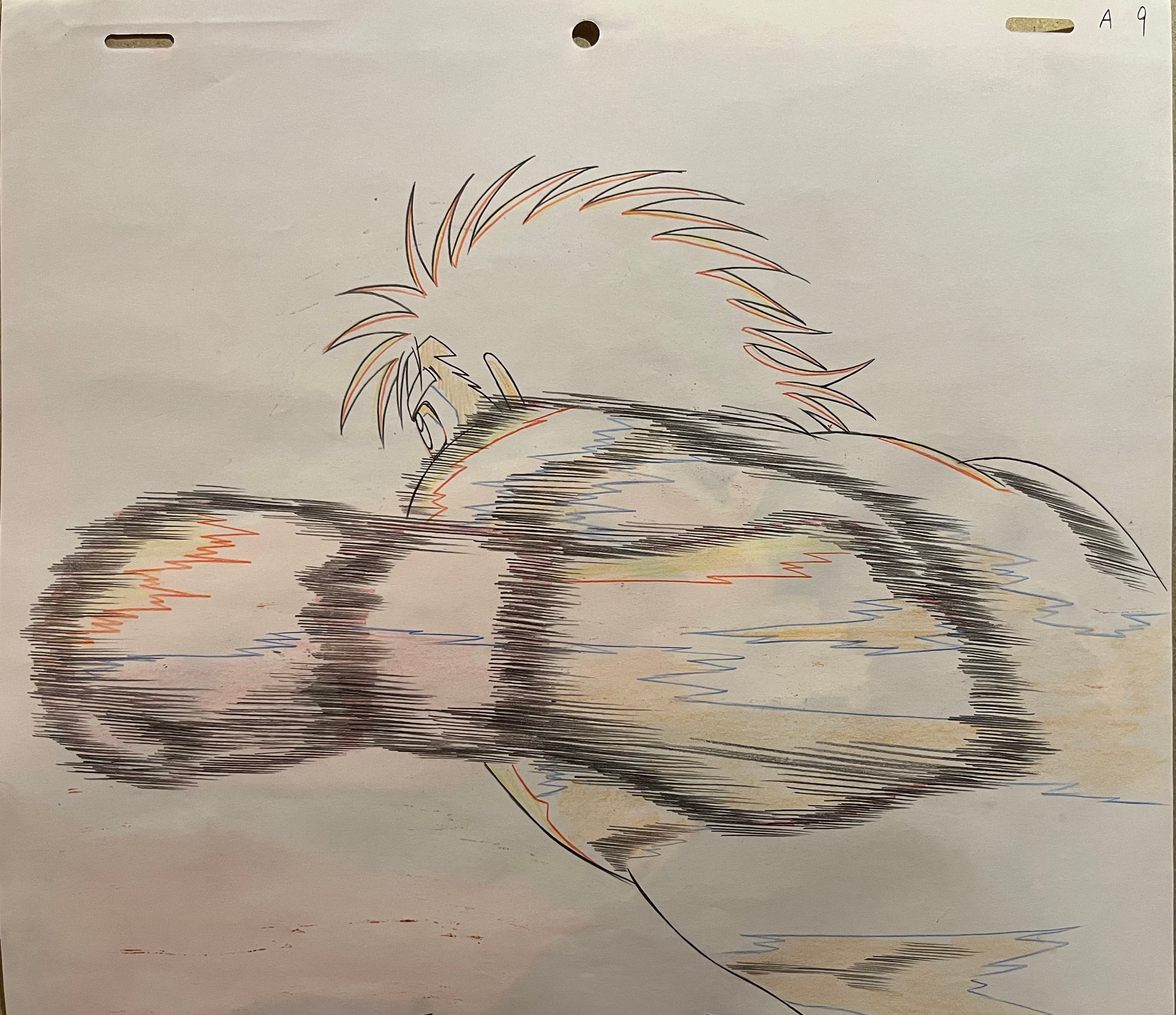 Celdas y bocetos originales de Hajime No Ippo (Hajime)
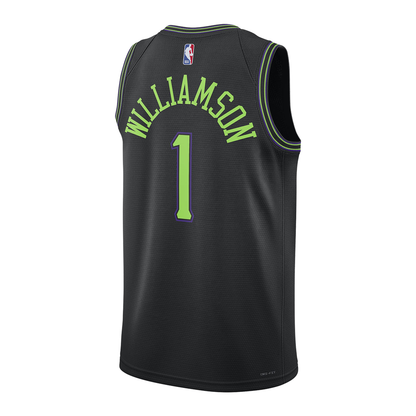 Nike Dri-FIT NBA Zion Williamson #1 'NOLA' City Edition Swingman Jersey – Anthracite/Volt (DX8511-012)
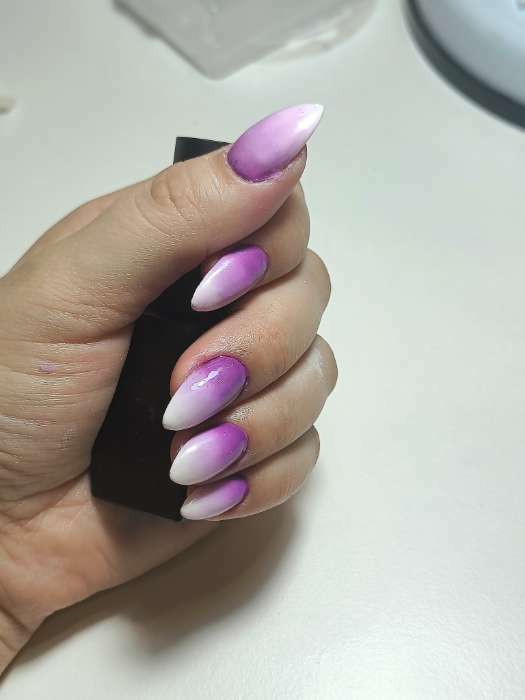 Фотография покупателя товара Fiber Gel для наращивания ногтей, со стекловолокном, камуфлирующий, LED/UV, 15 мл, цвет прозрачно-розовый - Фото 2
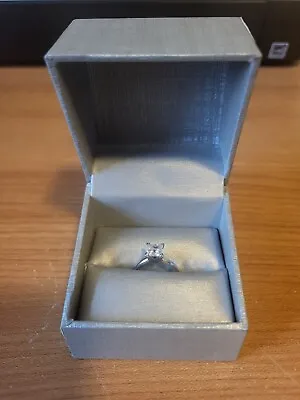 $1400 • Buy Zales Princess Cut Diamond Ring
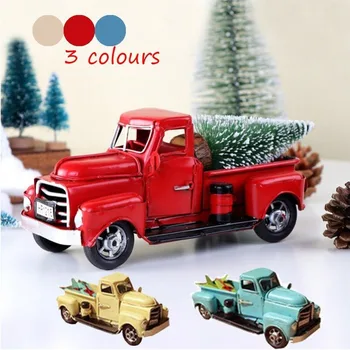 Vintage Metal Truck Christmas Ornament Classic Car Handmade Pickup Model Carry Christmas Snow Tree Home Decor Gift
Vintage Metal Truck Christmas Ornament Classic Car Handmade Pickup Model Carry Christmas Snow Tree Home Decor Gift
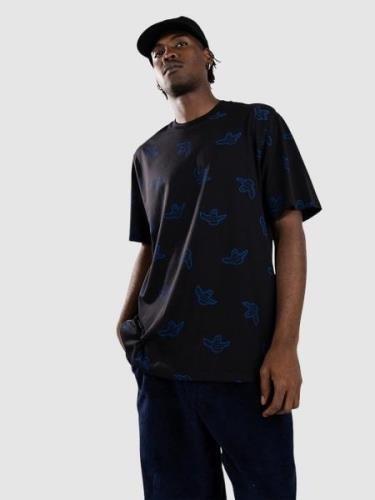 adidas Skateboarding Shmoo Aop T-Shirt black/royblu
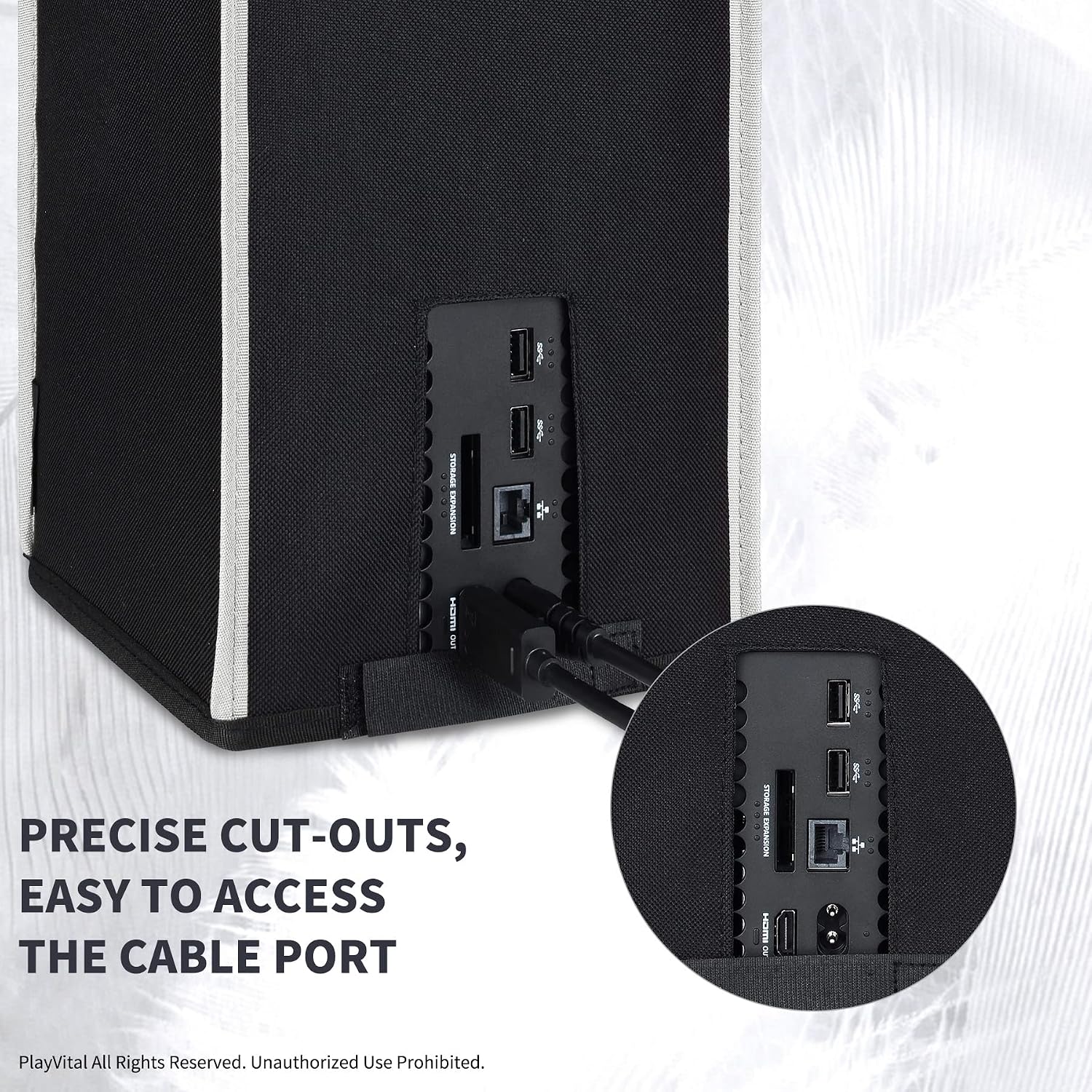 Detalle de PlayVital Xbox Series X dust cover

════════

Give back the whole of the material exactly, with the pictures removed.

 Celdas y bocetos originales de Hajime No Ippo (Hajime)
 Nike Dri-FIT NBA Zion Williamson #1 'NOLA' City Edition Swingman Jersey – Anthracite/Volt (DX8511-012)
 Фотография покупателя товара Fiber Gel для наращивания ногтей, со стекловолокном, камуфлирующий, LED/UV, 15 мл, цвет прозрачно-розовый - Фото 2
 $1400 • Buy Zales Princess Cut Diamond Ring
 Vintage Metal Truck Christmas Ornament Classic Car Handmade Pickup Model Carry Christmas Snow Tree Home Decor Gift
Vintage Metal Truck Christmas Ornament Classic Car Handmade Pickup Model Carry Christmas Snow Tree Home Decor Gift
 adidas Skateboarding Shmoo Aop T-Shirt black/royblu
 Detalle de PlayVital Xbox Series X dust cover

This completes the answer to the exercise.